When compared with the other two economic measurements, the GNI of a country is detailed. Peter Bondarenko refers to this measurement in the Encyclopaedia Britannica as the numerated composite revenue that remains within a nation (Bondarenko, britannica.com). The GDP of a nation differs because it includes profits from worldwide entities within its host nation, unlike a country’s GNP. For example, an international outpost from a foreign country will contribute to the GNP of where it was founded, as opposed to the location of the outpost. The profit that this outpost makes contributes to its host country’s GDP.

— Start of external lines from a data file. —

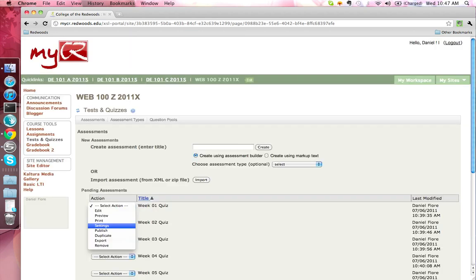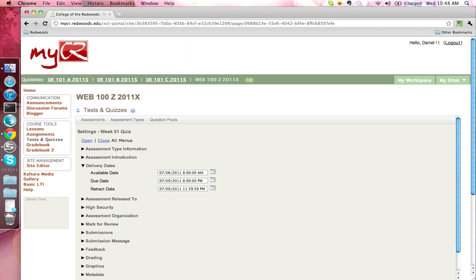There are a large number of options available to customize assessments. You can set when an assessment becomes available and when it is due. You can create timed tests to limit the time a student can work on a test. You can specify that students can retake a test a number of times. You can allow or disallow late submissions. You can display questions and answers in random order so that tests won't display the same for every student. And much more.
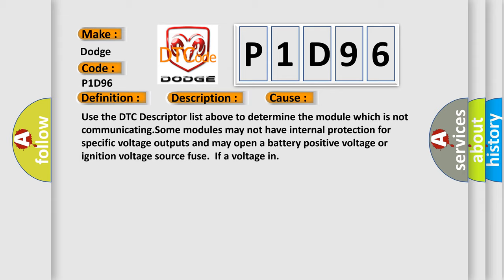for specific voltage outputs and may open a battery-positive voltage or ignition voltage source fuse if a voltage in. The airbag reset website aims to provide information in 52 languages.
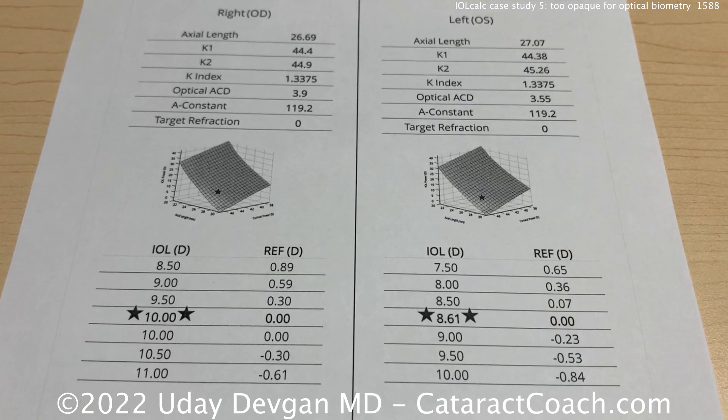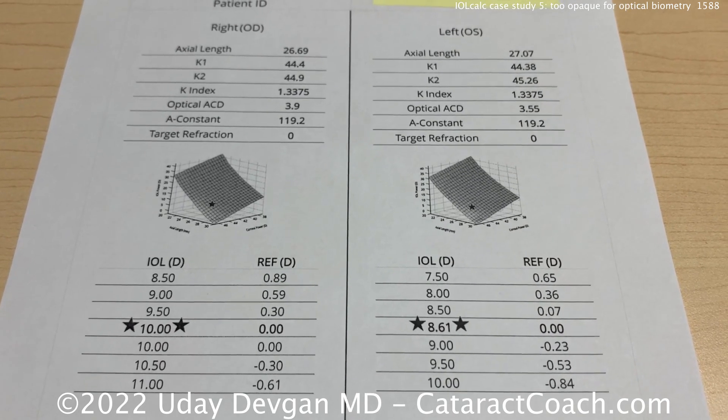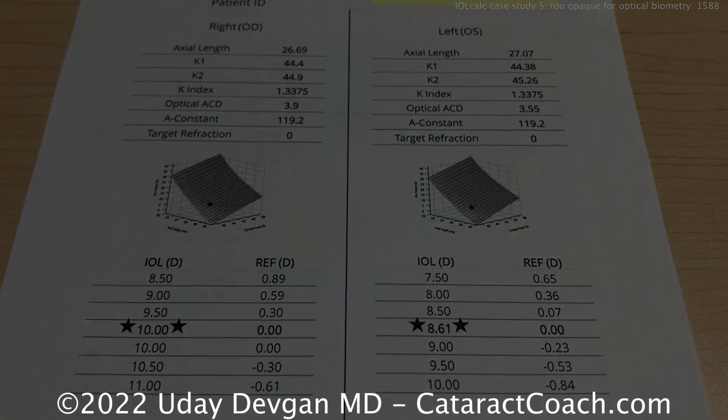For these dense cataracts where you can't get an axial length — here's how I handle it with ultrasound, and these are my little secret pearls.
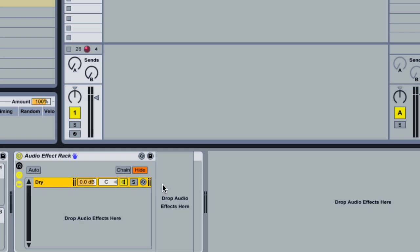So I'm going to call this one dry so basically the dry signal comes through here, it'll be unaffected. That's the first thing that allows me to treat this as a send instead of an insert, because if you're doing a send you still get the dry signal from the original track versus an insert which can potentially make everything wet.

The GDP of a nation is most useful for tracking which industries bring in the most revenue within a country. Companies and countries are usually intertwined entities, and the national companies bring in the most money for their host country. This is the purpose for GDP and GNI, which aids trade. Each of these measurements serve a purpose to economists and those that work with them. However, they essentially contribute to the same purpose: to tell how the economy is doing within an area, which helps tell how the economy is doing worldwide.